» **TASK**
The answer must consist of each line below that holds the word "Peel", copied as it stands.

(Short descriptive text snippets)
● ● ●

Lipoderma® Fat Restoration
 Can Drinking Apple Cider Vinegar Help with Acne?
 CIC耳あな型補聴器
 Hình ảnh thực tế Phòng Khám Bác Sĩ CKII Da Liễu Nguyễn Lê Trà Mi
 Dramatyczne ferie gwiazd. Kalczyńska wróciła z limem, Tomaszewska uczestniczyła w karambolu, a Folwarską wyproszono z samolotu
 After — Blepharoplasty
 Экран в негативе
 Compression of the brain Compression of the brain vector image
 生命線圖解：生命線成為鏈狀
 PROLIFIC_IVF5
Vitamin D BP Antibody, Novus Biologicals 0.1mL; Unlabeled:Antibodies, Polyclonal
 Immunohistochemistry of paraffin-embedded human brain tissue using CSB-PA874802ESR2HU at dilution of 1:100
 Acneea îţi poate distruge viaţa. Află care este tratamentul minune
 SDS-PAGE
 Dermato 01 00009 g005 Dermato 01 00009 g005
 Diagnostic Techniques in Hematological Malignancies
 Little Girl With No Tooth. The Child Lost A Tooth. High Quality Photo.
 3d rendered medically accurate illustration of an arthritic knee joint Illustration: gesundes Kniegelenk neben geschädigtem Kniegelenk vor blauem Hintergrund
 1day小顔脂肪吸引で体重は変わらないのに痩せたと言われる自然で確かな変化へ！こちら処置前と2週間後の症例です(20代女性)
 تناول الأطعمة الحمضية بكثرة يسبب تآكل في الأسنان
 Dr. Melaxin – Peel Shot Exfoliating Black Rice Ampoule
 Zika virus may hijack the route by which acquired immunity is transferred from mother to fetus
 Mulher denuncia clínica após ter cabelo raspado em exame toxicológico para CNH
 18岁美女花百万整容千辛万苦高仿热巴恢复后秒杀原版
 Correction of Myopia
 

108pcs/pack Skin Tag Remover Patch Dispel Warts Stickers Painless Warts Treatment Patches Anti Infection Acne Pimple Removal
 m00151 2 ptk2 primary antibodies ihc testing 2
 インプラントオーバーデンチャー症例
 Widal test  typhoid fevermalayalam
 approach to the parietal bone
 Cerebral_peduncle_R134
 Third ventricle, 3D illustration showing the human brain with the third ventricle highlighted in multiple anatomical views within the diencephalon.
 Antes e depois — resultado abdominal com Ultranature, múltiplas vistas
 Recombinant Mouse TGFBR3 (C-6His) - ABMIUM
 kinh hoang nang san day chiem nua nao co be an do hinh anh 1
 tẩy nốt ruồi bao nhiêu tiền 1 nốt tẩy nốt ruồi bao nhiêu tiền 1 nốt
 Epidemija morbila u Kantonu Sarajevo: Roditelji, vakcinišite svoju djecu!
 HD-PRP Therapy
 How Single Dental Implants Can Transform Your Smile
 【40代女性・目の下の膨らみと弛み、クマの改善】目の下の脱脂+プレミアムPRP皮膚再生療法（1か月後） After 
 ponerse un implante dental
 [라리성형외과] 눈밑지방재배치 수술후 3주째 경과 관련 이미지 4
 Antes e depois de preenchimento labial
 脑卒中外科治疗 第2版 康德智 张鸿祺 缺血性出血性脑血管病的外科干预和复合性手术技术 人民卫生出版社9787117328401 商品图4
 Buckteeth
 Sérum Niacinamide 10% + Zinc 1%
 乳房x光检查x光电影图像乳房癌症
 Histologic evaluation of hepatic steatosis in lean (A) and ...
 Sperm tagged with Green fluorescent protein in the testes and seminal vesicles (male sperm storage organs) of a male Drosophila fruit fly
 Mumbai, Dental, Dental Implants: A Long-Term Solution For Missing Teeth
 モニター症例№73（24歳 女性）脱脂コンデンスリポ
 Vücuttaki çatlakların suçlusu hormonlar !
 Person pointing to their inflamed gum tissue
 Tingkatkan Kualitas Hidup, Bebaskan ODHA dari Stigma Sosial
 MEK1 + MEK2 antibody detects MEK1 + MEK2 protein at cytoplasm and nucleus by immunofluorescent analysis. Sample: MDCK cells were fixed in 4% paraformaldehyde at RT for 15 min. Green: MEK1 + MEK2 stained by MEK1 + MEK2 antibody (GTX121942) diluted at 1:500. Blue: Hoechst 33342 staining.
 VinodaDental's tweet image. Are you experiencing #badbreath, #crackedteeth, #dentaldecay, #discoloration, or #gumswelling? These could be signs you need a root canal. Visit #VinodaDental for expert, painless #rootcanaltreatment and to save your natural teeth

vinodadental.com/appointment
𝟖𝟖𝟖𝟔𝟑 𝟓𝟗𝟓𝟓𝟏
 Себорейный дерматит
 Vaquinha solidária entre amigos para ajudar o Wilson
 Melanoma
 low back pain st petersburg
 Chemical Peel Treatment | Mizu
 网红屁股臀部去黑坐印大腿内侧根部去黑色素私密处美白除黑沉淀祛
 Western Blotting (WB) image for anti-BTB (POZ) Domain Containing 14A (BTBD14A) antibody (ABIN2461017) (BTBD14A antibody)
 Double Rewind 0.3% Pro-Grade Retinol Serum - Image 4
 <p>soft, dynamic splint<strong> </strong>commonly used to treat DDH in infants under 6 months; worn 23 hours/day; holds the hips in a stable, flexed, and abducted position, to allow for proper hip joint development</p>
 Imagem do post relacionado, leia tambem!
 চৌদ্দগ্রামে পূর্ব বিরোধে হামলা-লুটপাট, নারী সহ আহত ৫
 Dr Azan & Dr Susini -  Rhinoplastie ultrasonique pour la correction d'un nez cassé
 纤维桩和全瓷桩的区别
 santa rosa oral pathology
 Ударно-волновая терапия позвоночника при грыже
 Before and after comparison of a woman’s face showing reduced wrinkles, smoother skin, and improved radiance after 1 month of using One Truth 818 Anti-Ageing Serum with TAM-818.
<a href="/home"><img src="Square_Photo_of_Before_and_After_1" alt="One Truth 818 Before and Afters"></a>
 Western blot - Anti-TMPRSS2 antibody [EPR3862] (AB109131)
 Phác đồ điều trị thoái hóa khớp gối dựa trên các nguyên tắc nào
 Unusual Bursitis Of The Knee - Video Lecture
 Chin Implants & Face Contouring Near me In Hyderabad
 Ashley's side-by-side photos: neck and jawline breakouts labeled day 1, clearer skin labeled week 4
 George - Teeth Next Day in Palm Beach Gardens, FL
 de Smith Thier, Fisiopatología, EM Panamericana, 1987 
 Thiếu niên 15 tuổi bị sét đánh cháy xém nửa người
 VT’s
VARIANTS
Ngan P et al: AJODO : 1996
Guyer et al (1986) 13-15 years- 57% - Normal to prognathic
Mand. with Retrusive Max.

● ● ●

» **WRITTEN RESPONSE**
 Dr. Melaxin – Peel Shot Exfoliating Black Rice Ampoule
 Chemical Peel Treatment | Mizu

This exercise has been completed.